Comment annoncer l'Evangile à un monde qui ne réserve plus de place à Dieu ? Comment l'acheminer vers un salut éternel en parlant au monde du salut temporel dont il éprouve le seul besoin? voilà la question décisive.
Bien sûr l'Evangile est enseigné dans les églises mais le problème est que le monde ne va pas l'y écouter ; l'Eglise enseigne mais ne sait pas annoncer ; elle ne sait plus quel langage utiliser pour entrer en relation.
L'Eglise aime bien enseigner la morale au monde entier au nom d'un droit naturel dont elle se prétend la meilleure, sinon la seule, interprète, mais elle n'est pas écoutée : le monde ne reçoit pas un enseignement qui lui est donné par mode d'autorité. 201
Les gens ont besoin, pour se laisser convaincre, de reparler avec des gens au courant de leurs difficultés et qui vivent les mêmes réalités et problèmes qu'eux : c'est pourquoi il faut aller au-devant d'eux et non les forcer à écouter un prêtre.
La mission de l'Eglise qui est sa raison d'être est d'aller au monde pour lui porter le salut, et non attendre que le monde vienne chez elle célébrer son salut.509
Pour l'annonce de l'Evangile, peut-être pourrait-on essayer d' inverser le mouvement : inciter les fidèles laïcs à se rassembler sur leurs lieux de vie, pour y méditer l'Evangile, s'en instruire et s'en imprégner, pour le célébrer aussi sacramentellement entre eux - car on ne peut pas séparer la parole du Christ de son corps -, pour inciter les gens de leur entourage à venir discuter de leurs problèmes avec eux et leur dire, sur le ton de l'entretien, comment les chrétiens vivent, vivent les mêmes problèmes dans l'esprit de l'Evangile.
C'est dire que des laïcs chrétiens pourraient se réunir en dehors des offices paroissiaux pour étudier et méditer l'Evangile, réfléchir aux besoins apostoliques de leur environnement, inviter d'autres gens non chrétiens ou non religieux à réfléchir avec eux- et cela sans heurt avec l'autorité ecclésiastique locale, car cela relève de leur esprit de liberté et d'apostolat. 203
Cela reviendrait à dédoubler la paroisse, la laisser telle qu'elle est, lieu de culte et de rassemblement des pratiquants habituels, et favoriser le regroupement à part de ceux qui le veulent pour accueillir des visiteurs désireux de parler de leurs problèmes à des fidèles. 454
Il faudrait concilier, une organisation des
communautés chrétiennes d'accueil et d'annonce sous la responsabilité des laïcs et la communion avec une institution sacerdotale et épiscopale qui vient de la tradition et qui représente l'Eglise en ce qu'elle a d'universel et d'historique en Jésus. 141
Une Eglise évangélique et apostolique pourrait s'inventer peu à peu ; elle trouverait ainsi son salut en cherchant le salut du monde dans les voies tracées par l'Evangile.
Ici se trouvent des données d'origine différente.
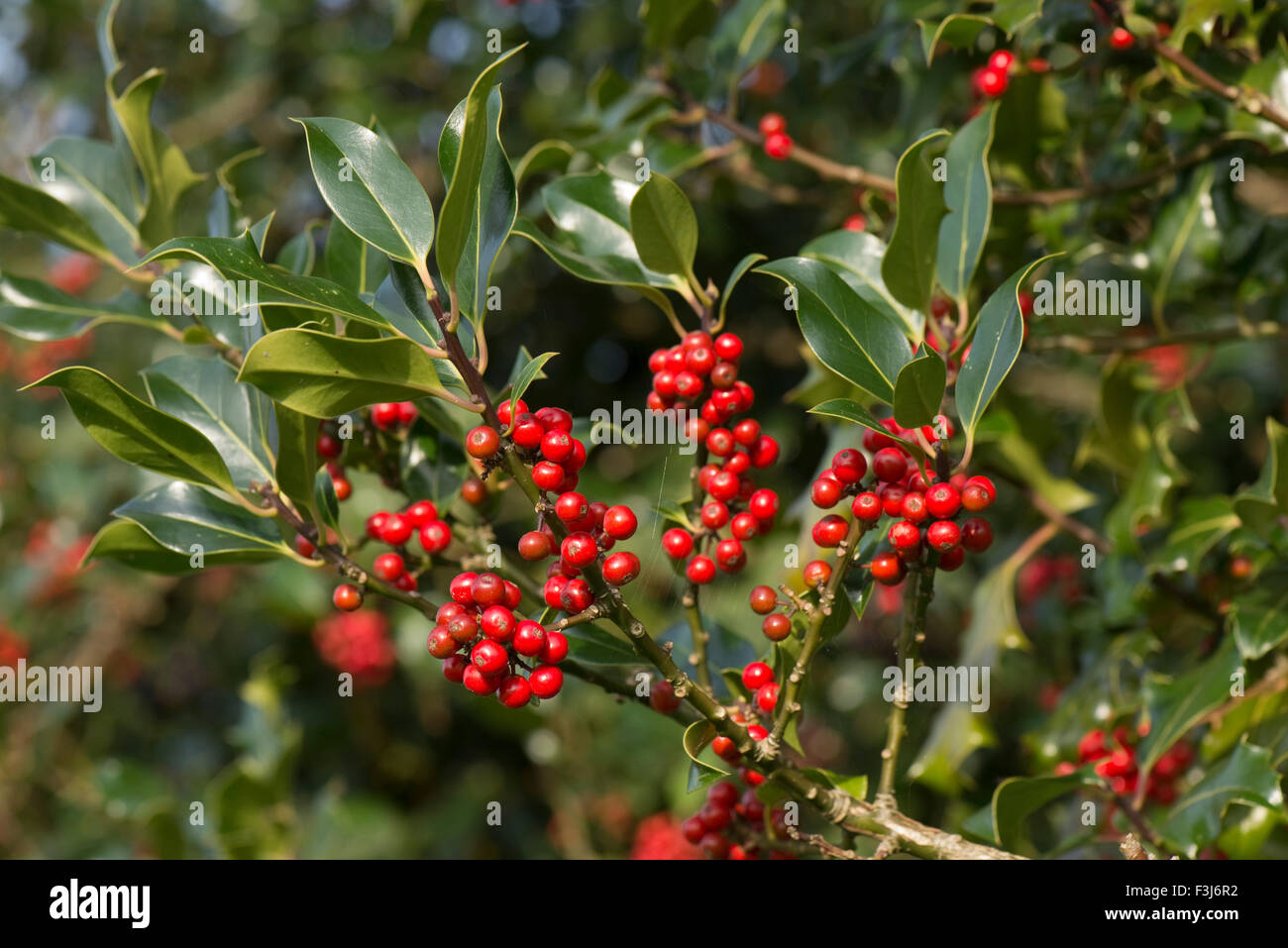 Ilex Ohne Stacheln Mit Roten Beeren Ilex evergreen berry -Fotos und -Bildmaterial in hoher Auflösung – Alamy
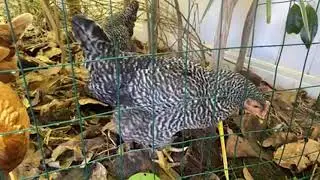 Barred Rock Back Yard Chickens, Docile and Hardy Hens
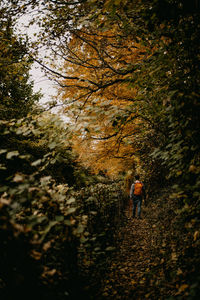 Rear view of people walking in forest during autumn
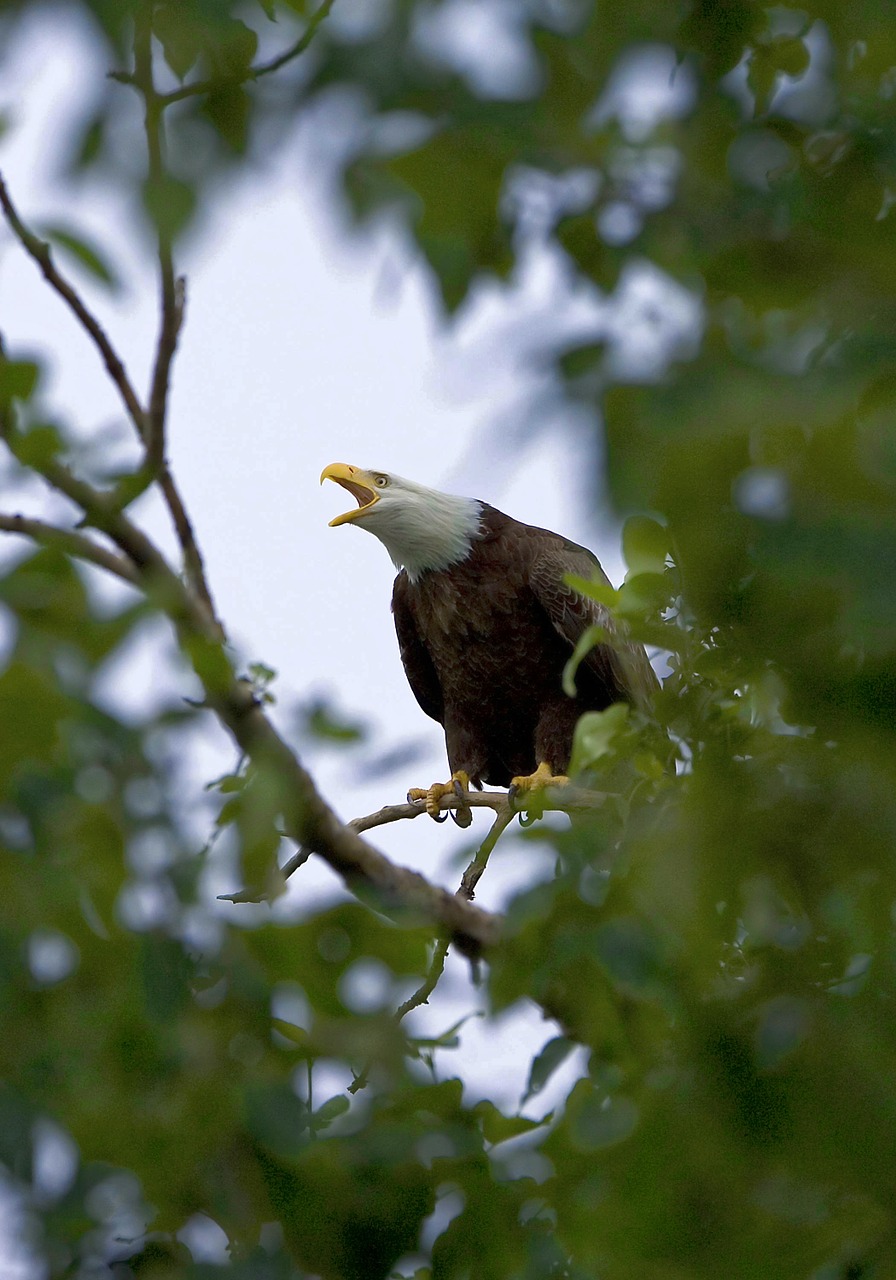bald eagle eagle trees free photo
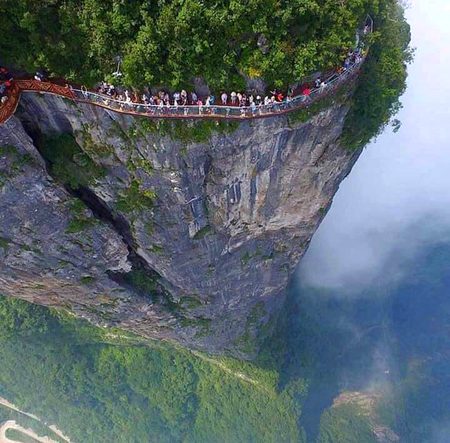 Beautiful  veiw of nature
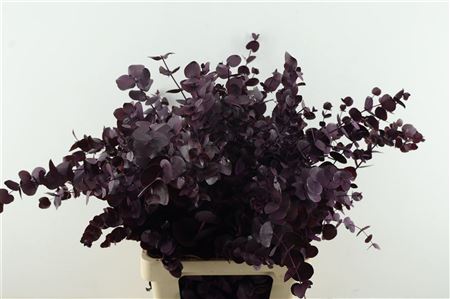 Euc Cin. Aubergine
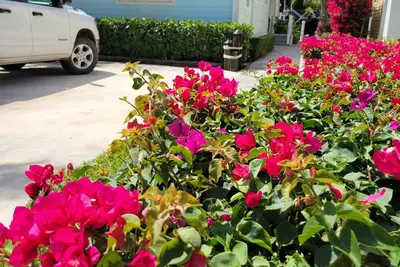 Image de Charming 3-bedroom house with dock in Key Largo with ocean access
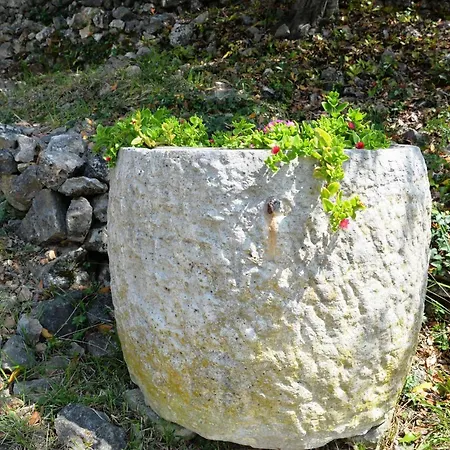 דירה Palma & Pino קרס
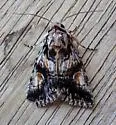 Sympistis shirleyae - Hodges#10142.1 - photo 4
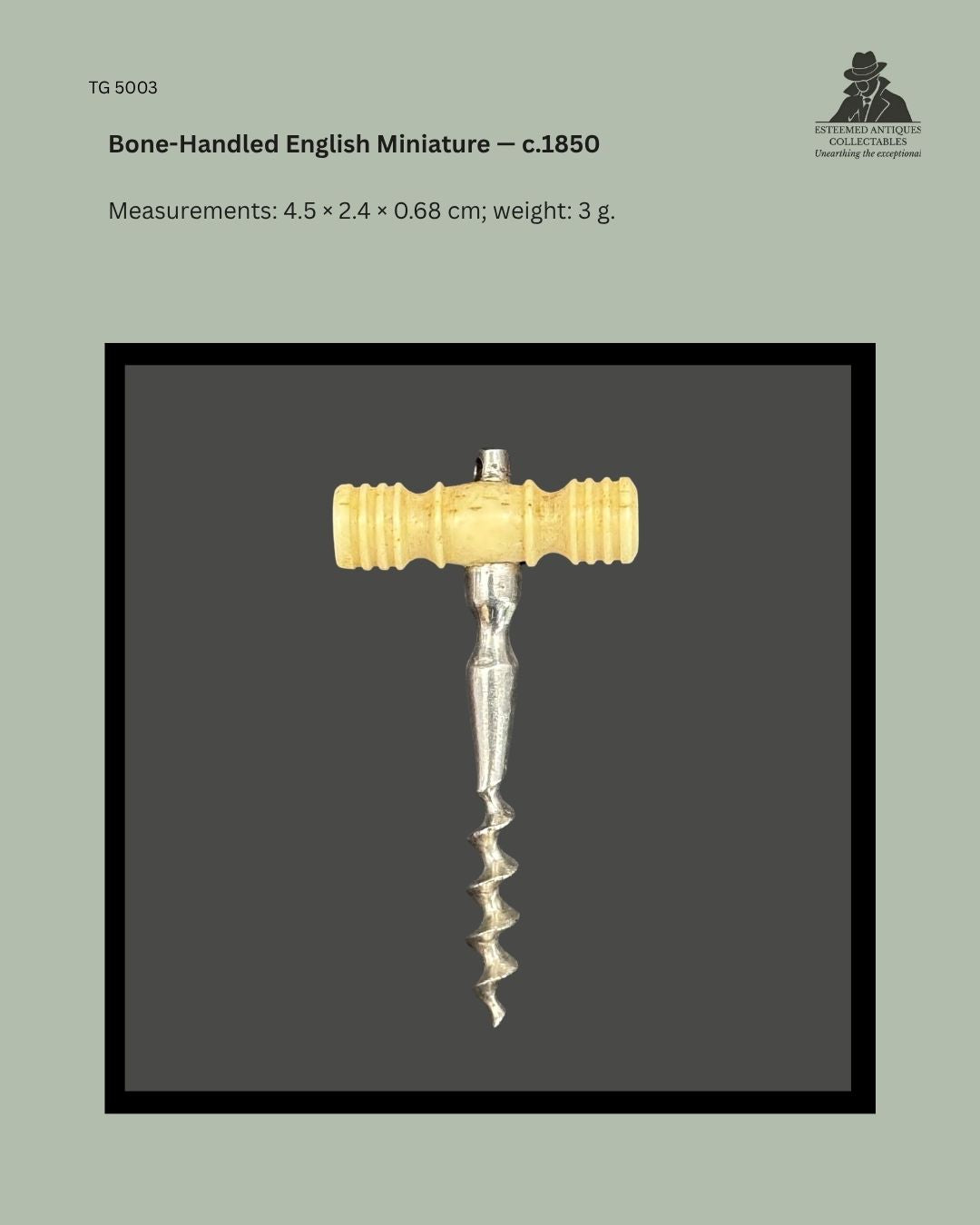 Bone-handled English miniature corkscrew, circa 1850, with a ring-turned T-handle, shaped metal shank and short open-helix worm.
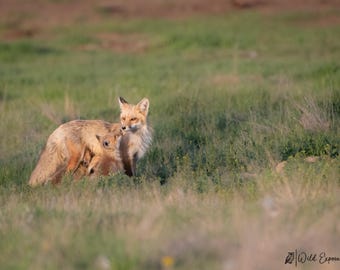 Red Fox Vixen and Kit Lustre Photo Print or High Gloss Metal Print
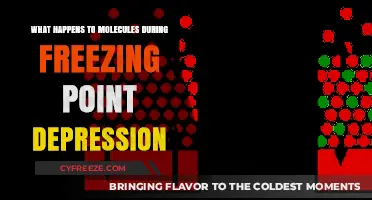 How Freezing Point Depression Alters Molecular Behavior in Solutions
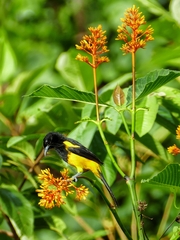 Icterus prosthemelas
Cette proposition de formation de communautés chrétiennes, plus aptes que les assemblées paroissiales à entretenir l'esprit de l'Evangile, à le mettre en œuvre et à le communiquer est une piste de recherche. Cette initiative consistera à modifier pour partie la figure de l'Eglise au regard du monde, en se retournant vers lui pour se mettre à son service, au service des plus petits, des plus souffrants, des rejetés, des exclus, à l'exemple de Jésus…
Autant la réforme de l'Eglise s'impose de nos jours, autant il paraît improbable qu'elle vienne de la tête, quoiqu'elle ne pourra pas et ne devra pas chercher à s'imposer sans elle, moins encore contre elle : c'est donc à sa base laïque d'en prendre l'initiative, mais de manière à entraîner le concours de l'autorité hiérarchique, non de la défier, pour allier le souci de l'unité de l'Eglise à celui de la propagation de l'Evangile, qui ne se confond pas avec l'expansion de la loi chrétienne dans le monde… 495
Je ne crois pas que la hiérarchie soit prête à un minimum d'aménagements démocratiques et je souhaite que les laïcs prennent leur liberté sans attendre, en restant le plus possible en communion avec elle, pour se réunir en
petites communautés missionnaires et évangéliques, pour étudier, méditer et célébrer l'Evangile entre eux.66

** Et si on écoutait aussi la voix des fidèles !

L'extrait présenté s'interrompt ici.